(Entries shown Opens)

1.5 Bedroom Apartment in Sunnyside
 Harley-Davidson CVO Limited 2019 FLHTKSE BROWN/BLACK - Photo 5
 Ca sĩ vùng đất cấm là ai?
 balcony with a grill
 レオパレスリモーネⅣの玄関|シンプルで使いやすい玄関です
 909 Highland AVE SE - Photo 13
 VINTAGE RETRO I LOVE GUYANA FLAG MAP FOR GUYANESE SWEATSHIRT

(Entries shown Closes)

▶ Exercise aim: What is needed is an exact reproduction of the data.

▶ Response to this task:
1.5 Bedroom Apartment in Sunnyside
 Harley-Davidson CVO Limited 2019 FLHTKSE BROWN/BLACK - Photo 5
 Ca sĩ vùng đất cấm là ai?
 balcony with a grill
 レオパレスリモーネⅣの玄関|シンプルで使いやすい玄関です
 909 Highland AVE SE - Photo 13
 VINTAGE RETRO I LOVE GUYANA FLAG MAP FOR GUYANESE SWEATSHIRT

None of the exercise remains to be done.